En Ukraine, une petite communauté est elle aussi bouleversée par la guerre : dans la ville d’Ouman, en plein centre du pays, des Juifs hassidiques ont investi depuis deux siècles tout un quartier. Mais l’invasion russe les a poussés dehors, eux aussi, malgré une cohabitation jusque-là toujours réussie.
Le sanctuaire de la grande synagogue d’Ouman est désert et les rares visiteurs depuis deux mois sont plutôt venus la nuit au sous-sol. Pendant les sirènes d’alarme anti-aériennes, des matelas restent dispersés à même le sol. La ville, véritable carrefour au centre de l’Ukraine, n’a été bombardée qu’au tout début de la guerre, fin février, mais la majorité des 2000 Juifs hassidiques de la ville sont partis, pour beaucoup vers Israël.
Mordehai avait fait ce choix avec sa femme et ses cinq enfants. Il est finalement rentré à la mi-mai 2022 : « C’est chez moi ici ! Comme tout le monde, on a voulu rentrer à la maison. » Pourtant quelques dizaines seulement de ses voisins sont de retour dans cette « petite Jérusalem« , un quartier fatigué aux trottoirs défoncés. Ici, le cyrillique laisse largement place à l’hébreu.
« La guerre nous a rapprochés »
Mordehai le confie : il ne comprend toujours pas cette invasion russe de l’Ukraine : « Poutine vient occuper ce pays qui n’est pas le sien ! Ça n’a pas de sens… Il gâche la vie de tout le monde, il tue des gens. Il se prend pour qui ? Il n’a pas le droit de faire ça. »

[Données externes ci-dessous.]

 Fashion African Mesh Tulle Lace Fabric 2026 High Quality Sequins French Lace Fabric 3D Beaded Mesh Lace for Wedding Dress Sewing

La proximité entre Vladimir Poutine et certains hassidiques de Russie ne change rien à son point de vue. Mordehai vit depuis 12 ans dans cette ville où il a toujours trouvé que tout le monde, ici s’entendait bien. Il faut dire qu’Ouman est un foyer historique du judaïsme dans la région : la ville accueillait avant l’Holocauste jusqu’à 22 000 Juifs. Et des milliers d’Hassidiques viennent encore se recueillir chaque année sur la tombe du rabbin Nahman de Bratslav.
« Il n’y a jamais eu d’antisémitisme ici« , assure Irina Rybnitskaya, qui gère la fondation liée à la synagogue : « Les différentes communautés ont toujours très bien vécu ensemble. Et cette guerre, dit-elle, nous a même rapprochés. Dès le début de la guerre, les hassidiques ont prié pour la paix et pris partie pour l’Ukraine. Et c’est rare qu’ils prennent position. »
Chacun ne souhaite qu’une chose, ici : « Que la guerre finisse. Alors, peut-être, une partie des juifs hassidiques d’Ouman, regagneront leurs foyers en Ukraine« , conclut-elle.